[Records from a data collection]

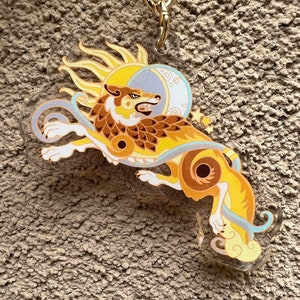 Puede incluir: Un lobo amarillo y marr&oacute;n con un dise&ntilde;o de sol y luna, en un llavero de acr&iacute;lico transparente. El lobo est&aacute; estilizado con un sol detr&aacute;s de &eacute;l y una luna creciente por encima.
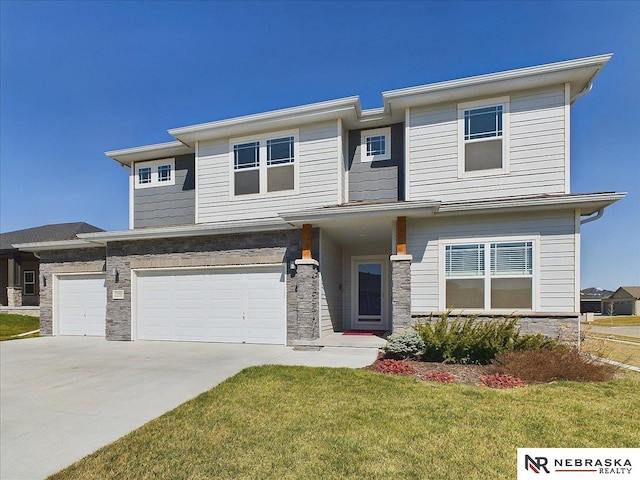view of front of home with a front lawn, stone siding, a garage, and concrete driveway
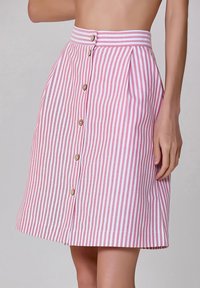 Jupe A-line rayée rose et blanche avec un devant à boutons, un design plissé et une taille à rayures horizontalement. Comprend cinq boutons.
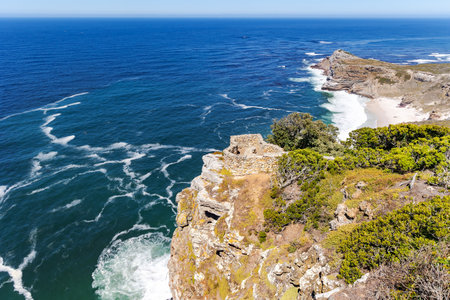 The rocky shore of Cape Agulhas, where the Indian and Atlantic Oceans meet, is a cape in South Africa, the southernmost point of Africa.の写真素材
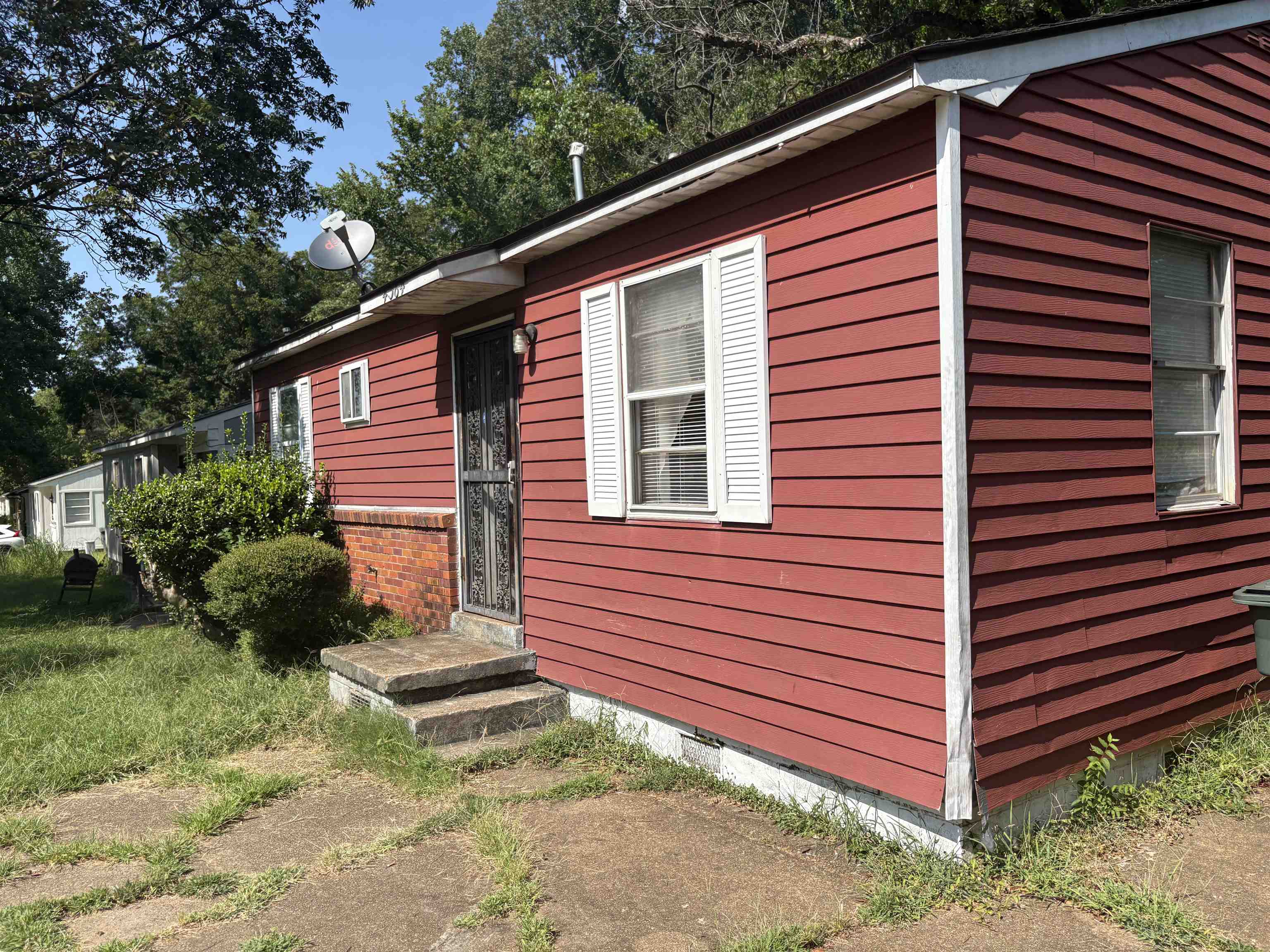 4364 Range Line Road Memphis, TN 38127 - Photo 3 of 15 a view of a house with a yard and plants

▶ [Assignment]:
Exact lines, nothing more: output the one with "Jupe A-line rayée" and every later line through the end of the data, skipping pictures.

▶ [Problem solution]:
 Jupe A-line rayée rose et blanche avec un devant à boutons, un design plissé et une taille à rayures horizontalement. Comprend cinq boutons.
 The rocky shore of Cape Agulhas, where the Indian and Atlantic Oceans meet, is a cape in South Africa, the southernmost point of Africa.の写真素材
 4364 Range Line Road Memphis, TN 38127 - Photo 3 of 15 a view of a house with a yard and plants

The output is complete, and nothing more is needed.